Si vous étiez élu, suiveriez-vous le chemin tracé par votre prédécesseur ?

Je suivrais celui de Chenouda III, mais aussi celui de Cyrille VI. Le nouveau pape sera l’héritier de ces deux prélats.

Le pape Chenouda lll a interdit aux fidèles de se rendre à Jérusalem, en Terre sainte. Maintiendriez-vous cet interdit ?

Le voyage en Terre sainte pose un grand problème. En 1973, la guerre entre l’Égypte et Israël a été suivie, en 1979, par un traité de paix. Il y a eu une normalisation des relations entre l’Égypte et Israël au niveau des dirigeants. Mais pas entre les deux peuples. L’Égypte se compose d’une majorité musulmane et d’une minorité chrétienne. Si la minorité initiait cette normalisation, ce serait une forme de trahison envers la société égyptienne. J’ajouterai que le Christ a vécu en deux lieux : la Palestine et l’Égypte, tout aussi saintes l’une que l’autre. Ce qui compte pour nous, c’est la terre sur laquelle a marché le Christ.

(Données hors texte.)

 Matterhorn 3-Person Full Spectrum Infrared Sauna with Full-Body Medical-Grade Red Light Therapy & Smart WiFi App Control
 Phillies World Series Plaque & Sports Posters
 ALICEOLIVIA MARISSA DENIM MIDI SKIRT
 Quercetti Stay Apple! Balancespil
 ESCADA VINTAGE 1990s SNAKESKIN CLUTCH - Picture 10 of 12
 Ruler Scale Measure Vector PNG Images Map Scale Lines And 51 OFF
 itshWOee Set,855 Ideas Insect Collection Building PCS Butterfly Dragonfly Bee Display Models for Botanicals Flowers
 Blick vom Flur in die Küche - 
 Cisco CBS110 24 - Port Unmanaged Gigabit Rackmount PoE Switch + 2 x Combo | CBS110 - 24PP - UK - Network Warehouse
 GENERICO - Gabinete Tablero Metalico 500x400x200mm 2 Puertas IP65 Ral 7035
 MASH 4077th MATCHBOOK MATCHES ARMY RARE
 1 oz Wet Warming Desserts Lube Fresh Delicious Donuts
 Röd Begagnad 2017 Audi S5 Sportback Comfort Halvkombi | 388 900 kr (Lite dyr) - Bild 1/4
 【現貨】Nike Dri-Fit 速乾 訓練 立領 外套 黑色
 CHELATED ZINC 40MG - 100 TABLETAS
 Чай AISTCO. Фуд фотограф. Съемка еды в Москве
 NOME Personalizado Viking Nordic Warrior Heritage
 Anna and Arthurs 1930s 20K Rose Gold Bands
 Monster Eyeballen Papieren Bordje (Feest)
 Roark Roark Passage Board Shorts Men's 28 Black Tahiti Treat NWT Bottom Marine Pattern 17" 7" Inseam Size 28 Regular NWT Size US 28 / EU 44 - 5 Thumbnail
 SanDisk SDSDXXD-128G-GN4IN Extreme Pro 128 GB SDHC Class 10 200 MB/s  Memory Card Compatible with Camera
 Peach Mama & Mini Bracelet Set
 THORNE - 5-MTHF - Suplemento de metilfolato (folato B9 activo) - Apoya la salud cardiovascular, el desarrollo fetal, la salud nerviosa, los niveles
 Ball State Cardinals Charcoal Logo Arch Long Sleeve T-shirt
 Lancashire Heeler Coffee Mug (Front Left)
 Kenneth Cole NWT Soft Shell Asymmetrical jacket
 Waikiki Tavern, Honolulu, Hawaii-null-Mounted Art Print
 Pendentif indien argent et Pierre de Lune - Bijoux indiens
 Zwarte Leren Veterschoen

Que pensez-vous des obligations imposées en Égypte pour la construction d’une église ?

Cela crée une forme de chaos dans la société, et c’est une contrainte pour les Coptes. Nous demandons à l’État d’autoriser sans restrictions la construction ou la restauration d’une église. Comment admettre au XXIe siècle une telle bureaucratie ? Parfois le permis de construire une église requiert 40 ans de démarches, et je pourrai citer de nombreux exemples. La question demeurée sans réponse est celle de savoir en quoi la construction d’une église dérange l’État égyptien…

Que comptez-vous faire pour les jeunes ?

Ce sont les piliers de l’avenir : il faut leur donner une très grande place. Nous disposons d’un évêché spécialement pour les jeunes. L’État a suivi notre exemple en créant le ministère de la Jeunesse. Le rôle de l’Église est triple : spirituel, social et économique. Nous essayons de leur enseigner les langues, les travaux manuels, afin qu’ils puissent bâtir des projets personnels. Un jeune qui a fait des années d’études, et ne trouve pas de travail, est réduit au chômage. Un nombre élevé de chômeurs constitue un danger pour la société.

La rédaction de la nouvelle constitution soulève de grandes inquiétudes parmi les chrétiens. Si le droit coranique devient la source de la législation, quel sera leur sort ?

Il semble acquis que la résolution n° 2 de la constitution de 1971 sera maintenue. La charia sera seulement la source principale de la constitution.

Et si les salafistes veulent aller plus loin ?

L’Église refusera ce schéma, et elle aura pour alliés les laïcs et les libéraux.

Quelles relations chrétiens et musulmans entretiennent-ils en Égypte ?

Elles sont excellentes. Mon frère musulman ne peut pas se passer de moi, et je ne peux pas vivre sans lui. Certains problèmes sont nés à partir de 1973, quand la politique de la « porte ouverte » a permis à de nombreux Égyptiens de travailler en Arabie Saoudite, où l’on pratique un islam wahhabite, radical. Mais cette tendance n’a pas grand place en Égypte, ou la majorité est modérée. J’avais à la faculté des camarades musulmans, et nous sommes toujours de bons amis.

Si vous étiez élu pape demain, quelle sera votre relation avec l’islam ?

Une relation de paix, d’amour, et de grand respect. Je me comporterai avec eux comme un citoyen égyptien, un serviteur de l’État.